高伯はその威圧感に身震いが走ったが、何とか押さえ込んでいた。

「連れていけ」

曹操は高伯から手を離すと兵士に命令した。

「お待ちくださいっ!」

高伯の背後から慌てた声がひびいた。

彼女のよく知る男、張遼だった。

張遼は縄で縛られていながら、高伯の前に駆けより、膝を屈した。

「おまちください、それがしは彼女の亡き父、高順より彼女を託されました。どうか、お許し頂きたいと存じます」

「文遠・・・さま・・・」

高伯は胸が痛くなった。そんな膝を折る彼を見たくなかった。

しかも、自分のために・・・。

乱世ではそんなことは多々あるが、張遼のそんな姿を見てショックをうけた。

「では、お前が代わりに死ぬか?」

うつむく、張遼の顔が一瞬だけ強張った。しばらく沈黙が流れた。

「それも・・・できません・・・・」

張遼は顔をあげた。その双眸には一切の迷いはなかった。

あるのはただ、戦友との約束を果たす。その熱い想いだけだった。

「お前の顔に免じて許す。ただし、条件がある」

曹操はふっと笑みをこぼした。

高伯を曹操のそばに置くこと。
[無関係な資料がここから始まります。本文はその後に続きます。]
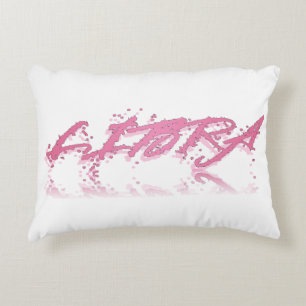 Libra Reflection Accent Pillow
それが条件だった。

まるで、彼女は人質だといわんばかりに。

その言葉に張遼の表情が再び強張った。

「高伯、お前はどうする?」

曹操と張遼の視線が彼女に向けられた。

高伯は張遼と目があうと、フッと笑みを浮かべた。

互いを気遣うあまり、曹操に弱みを握られた。

高伯はそう思った。

互いが人質になってしまった。そう痛感した。

それでも。

高伯には張遼を死なせたくなかった。

「仰せのままに――」

高伯はその場で姿勢を正しながら、無表情なままそういった。